Start of GIVEN INFORMATION

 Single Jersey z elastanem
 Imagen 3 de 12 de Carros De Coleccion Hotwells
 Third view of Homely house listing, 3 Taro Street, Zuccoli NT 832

End of GIVEN INFORMATION

**WHAT YOU ARE ASKED TO DO**. The full listing, repeated exactly, is the expected answer.

**ANSWER SECTION**.
 Single Jersey z elastanem
 Imagen 3 de 12 de Carros De Coleccion Hotwells
 Third view of Homely house listing, 3 Taro Street, Zuccoli NT 832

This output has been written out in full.